Hearing Loop Systems for One-on-One Situations

With such broad potential application, it is important to spend a moment detailing the types of hearing loop systems that support these one-to-one communications. There are two types of one-to-one hearing loop solutions. One is designed for a typical counter application. The other, referred to as a speech transfer system (STS), is uniquely designed to improve communication where a glass pane, security screen, or other security barrier is present.
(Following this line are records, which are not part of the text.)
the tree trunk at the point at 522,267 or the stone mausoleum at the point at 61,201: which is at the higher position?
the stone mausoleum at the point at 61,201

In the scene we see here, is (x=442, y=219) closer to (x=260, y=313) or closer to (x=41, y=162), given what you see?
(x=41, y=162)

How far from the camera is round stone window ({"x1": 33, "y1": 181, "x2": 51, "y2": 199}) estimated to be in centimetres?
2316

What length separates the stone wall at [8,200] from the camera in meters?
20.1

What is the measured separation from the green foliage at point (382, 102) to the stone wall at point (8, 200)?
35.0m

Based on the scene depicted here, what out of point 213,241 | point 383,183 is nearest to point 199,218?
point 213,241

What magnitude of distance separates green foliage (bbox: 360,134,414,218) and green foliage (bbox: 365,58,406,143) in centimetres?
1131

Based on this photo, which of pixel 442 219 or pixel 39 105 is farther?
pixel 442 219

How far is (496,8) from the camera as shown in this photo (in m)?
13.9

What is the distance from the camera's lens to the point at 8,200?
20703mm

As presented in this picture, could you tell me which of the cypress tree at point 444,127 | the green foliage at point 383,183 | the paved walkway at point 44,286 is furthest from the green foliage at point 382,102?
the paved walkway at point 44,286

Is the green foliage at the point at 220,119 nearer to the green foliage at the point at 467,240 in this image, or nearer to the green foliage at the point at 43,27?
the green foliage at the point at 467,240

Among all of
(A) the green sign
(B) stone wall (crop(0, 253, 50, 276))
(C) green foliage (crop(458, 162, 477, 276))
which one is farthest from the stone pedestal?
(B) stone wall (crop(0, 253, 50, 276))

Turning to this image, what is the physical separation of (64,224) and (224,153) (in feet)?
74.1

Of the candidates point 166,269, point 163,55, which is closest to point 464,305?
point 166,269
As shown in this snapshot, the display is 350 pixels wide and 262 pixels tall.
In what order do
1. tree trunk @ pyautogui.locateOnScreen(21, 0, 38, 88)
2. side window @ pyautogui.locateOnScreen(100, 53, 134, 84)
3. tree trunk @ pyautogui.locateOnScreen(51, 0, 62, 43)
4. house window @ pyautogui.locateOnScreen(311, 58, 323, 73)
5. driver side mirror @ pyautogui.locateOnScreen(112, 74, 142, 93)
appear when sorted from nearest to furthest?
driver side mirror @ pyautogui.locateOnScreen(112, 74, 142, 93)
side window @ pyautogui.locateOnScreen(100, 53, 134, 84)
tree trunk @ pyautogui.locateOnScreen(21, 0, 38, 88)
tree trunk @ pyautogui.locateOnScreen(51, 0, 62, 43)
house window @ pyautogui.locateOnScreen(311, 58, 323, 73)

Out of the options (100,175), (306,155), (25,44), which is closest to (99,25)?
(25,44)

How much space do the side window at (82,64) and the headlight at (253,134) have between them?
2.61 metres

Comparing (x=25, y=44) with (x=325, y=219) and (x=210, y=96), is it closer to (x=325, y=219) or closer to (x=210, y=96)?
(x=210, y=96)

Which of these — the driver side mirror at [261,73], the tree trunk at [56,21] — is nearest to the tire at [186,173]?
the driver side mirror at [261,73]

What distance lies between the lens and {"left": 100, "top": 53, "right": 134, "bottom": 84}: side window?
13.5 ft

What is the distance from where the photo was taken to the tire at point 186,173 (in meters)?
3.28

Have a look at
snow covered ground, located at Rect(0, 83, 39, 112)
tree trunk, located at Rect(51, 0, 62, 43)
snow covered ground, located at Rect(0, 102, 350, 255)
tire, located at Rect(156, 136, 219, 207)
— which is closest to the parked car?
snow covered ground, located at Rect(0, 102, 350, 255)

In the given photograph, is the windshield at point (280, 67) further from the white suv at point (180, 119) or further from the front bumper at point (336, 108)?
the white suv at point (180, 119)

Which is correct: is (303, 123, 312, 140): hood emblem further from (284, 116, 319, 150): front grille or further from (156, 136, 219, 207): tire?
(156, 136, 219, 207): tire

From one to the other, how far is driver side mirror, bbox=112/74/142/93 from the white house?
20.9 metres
One-to-One Counter Loop Systems

Counter hearing loops are used to facilitate short-range, one-to-one communication. These systems consist of a microphone placed behind the counter to capture the voice of the teller, pharmacist, or employee, a small loop aerial that creates the electromagnetic field over which the audio signal will be transmitted, a hearing loop driver, and a sign that indicates the counter is fitted with a hearing loop. The system is designed to remain on continuously so a person with hearing loss never has to ask for assistance. Once the person steps inside the electromagnetic field created by the loop, he or she simply activates the telecoil in his or her hearing aid or cochlear implant to experience the clearer audio signals sent directly to his or her hearing device. The counter loop works within a defined area, allowing a hearing loop to provide a clearer signal and protect the confidentiality of the conversation. There is no risk that a conversation that takes place at a hearing loop-enabled counter will be overheard by other hearing aid wearers in the room.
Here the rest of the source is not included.